— Data to examine —
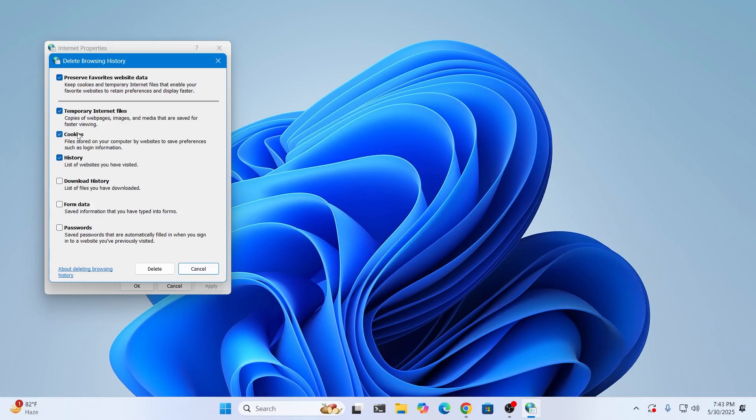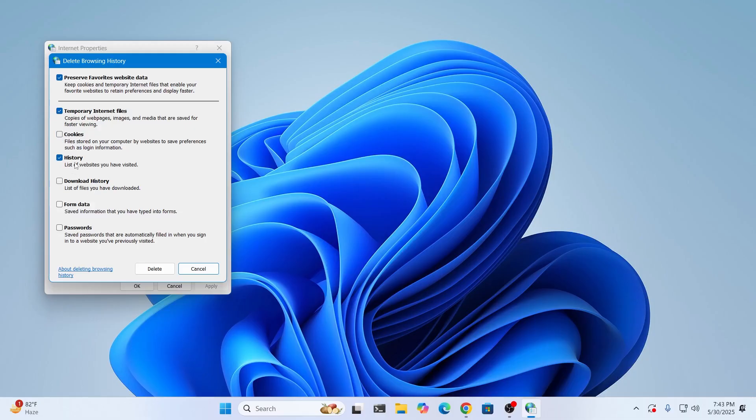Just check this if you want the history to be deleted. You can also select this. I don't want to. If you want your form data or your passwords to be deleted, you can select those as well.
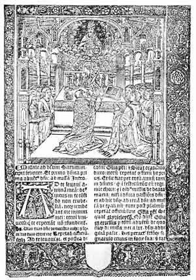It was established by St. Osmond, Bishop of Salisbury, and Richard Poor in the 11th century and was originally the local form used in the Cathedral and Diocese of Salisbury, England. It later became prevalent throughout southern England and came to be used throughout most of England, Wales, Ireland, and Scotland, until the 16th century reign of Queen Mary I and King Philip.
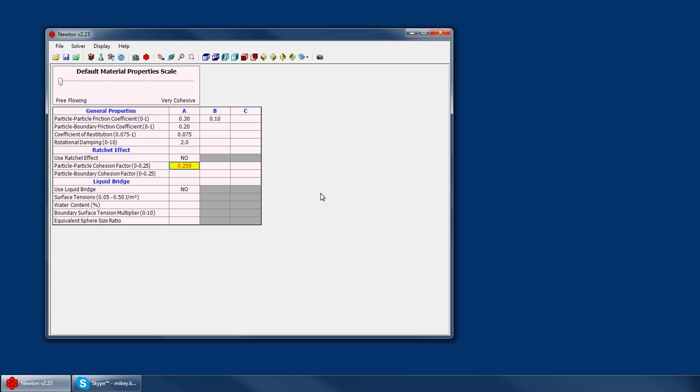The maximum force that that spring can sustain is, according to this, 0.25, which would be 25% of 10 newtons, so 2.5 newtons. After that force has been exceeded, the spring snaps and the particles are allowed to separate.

* * *

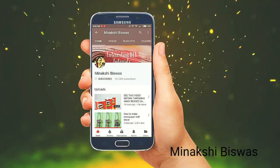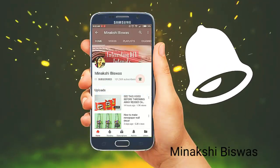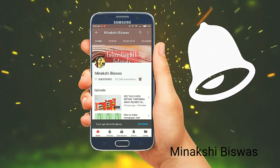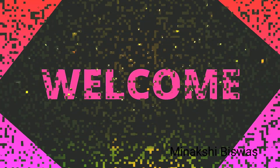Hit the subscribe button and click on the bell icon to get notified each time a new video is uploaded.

* * *

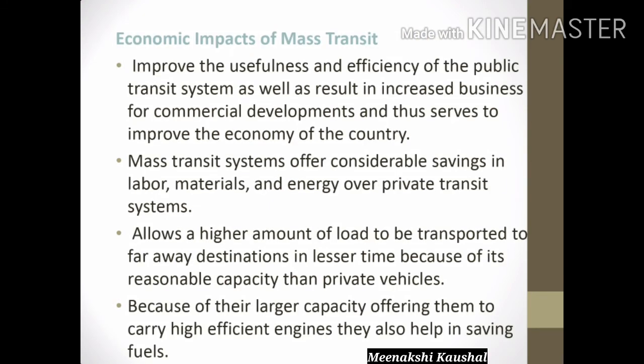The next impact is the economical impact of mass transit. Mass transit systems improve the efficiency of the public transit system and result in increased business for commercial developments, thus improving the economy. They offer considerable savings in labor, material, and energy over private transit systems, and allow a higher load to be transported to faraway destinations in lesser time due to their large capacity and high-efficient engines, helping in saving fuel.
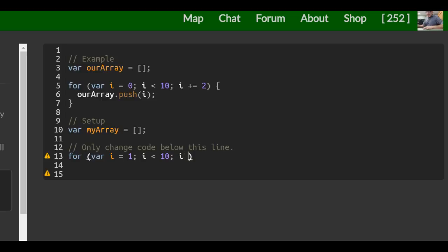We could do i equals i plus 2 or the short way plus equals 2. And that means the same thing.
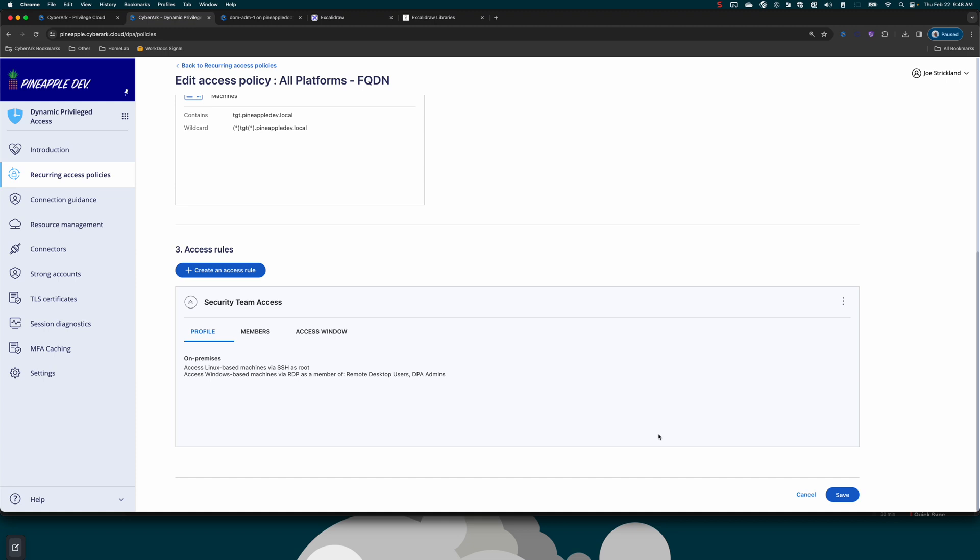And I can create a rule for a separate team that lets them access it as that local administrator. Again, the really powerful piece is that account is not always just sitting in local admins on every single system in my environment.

— Task requirements —
Using the data above, give again exactly the lines starting at the one holding "The next impact" and ending at the one holding "And I can create", inclusive, and nothing more. Omit the pictures.

— Written solution —
The next impact is the economical impact of mass transit. Mass transit systems improve the efficiency of the public transit system and result in increased business for commercial developments, thus improving the economy. They offer considerable savings in labor, material, and energy over private transit systems, and allow a higher load to be transported to faraway destinations in lesser time due to their large capacity and high-efficient engines, helping in saving fuel.
We could do i equals i plus 2 or the short way plus equals 2. And that means the same thing.
And I can create a rule for a separate team that lets them access it as that local administrator. Again, the really powerful piece is that account is not always just sitting in local admins on every single system in my environment.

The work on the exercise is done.